EKMELEDDİN ORTADOĞU'YA HUZUR GETİRİRDİ
MHP'den milletvekili adayı olan Ekmeleddin İhsanoğlu'nu cumhurbaşkanı adayı olarak göstermekten pişman olmadığına dikkati çeken Kılıçdaroğlu, şunları kaydetti:
"Ekmeleddin Bey, bugün cumhurbaşkanı seçilseydi, Ortadoğu'ya kesinlikle barış gelirdi. Arap dünyasını yöneten bir genel sekreter, o dünya içinde kadın-erkek eşitliğini savunan bir genel sekreter, sözü geçen bir genel sekreter, çözülemez bütün sorunları o dönemde çözen bir genel sekreter bizim cumhurbaşkanımız olsaydı Ortadoğu'ya bugün barış gelirdi, huzur gelirdi. Ekmeleddin Bey, tek bir eksiği var Türkiye'de tanınmıyor. Tarafsızlığını korurdu, bilim insanı gibi davranırdı, toplumun her kesimini kucaklardı."
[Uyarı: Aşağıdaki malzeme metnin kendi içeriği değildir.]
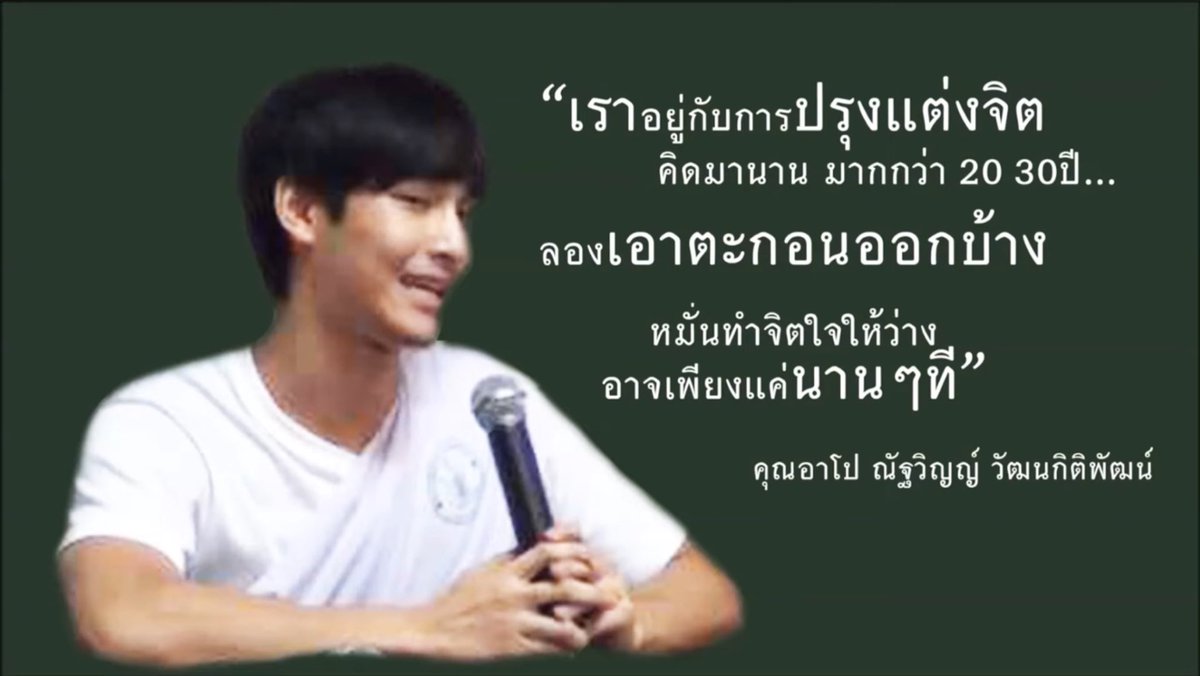 ggrounddd's tweet photo. อาโปออกงานแล้ว จู่ๆๆ อาโป หายตัวไป แฟนคลับต่างก็เป็นห่วงมาก! โปกลับมาพร้อมกับบอกว่า โปเอาบุญมาฝากครับ!!!

อาโปหายไป = เข้าวัด เข้าป่า... https://t.co/gE4dtJ2mYJ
BİR POLİSTEN ÖZEL MEKTUP GELDİ
İstanbul Büyükşehir Belediye Başkan adayı olduğu seçimlerde oy kullanmasının engellendiğiyle ilgili bir komplo kurulduğu ve bunun kendisine bir polisin gönderdiği mektupla anlatıldığına ilişkin cümle üzerine Kılıçdaroğlu, şöyle devam etti:
"Vicdan azabı çeken bir polisin bana yazdığı bir mektup. Benim oradaki kaydım bana haber verilmeden düşürülüyor. Bizim de bilgimiz yok tabi kaydımızın düşürüldüğünden. Fakat sonradan öğreniyoruz ki kaydımız tamamen düşürülmüş ve düzeltme imkanı da yoktu. Yani süreç o kadar hızlı ve dikkatli izlenen bir süreç, karşıt gruplar tarafından. Daha sonra tabi kullanamadık. Hiç kimseyi de suçlamadık. 'Kabahat varsa bizdedir' dedik. Oturup takip etseydin kardeşim. Sonra bana bir polisten bir özel mektup geldi. Bunun nasıl olduğu, nasıl gerçekleştiği, adrese hangi gerekçeyle, kimin talimatıyla gidildiği bu mektupta yazıyor. Benim özel arşivimde duruyor."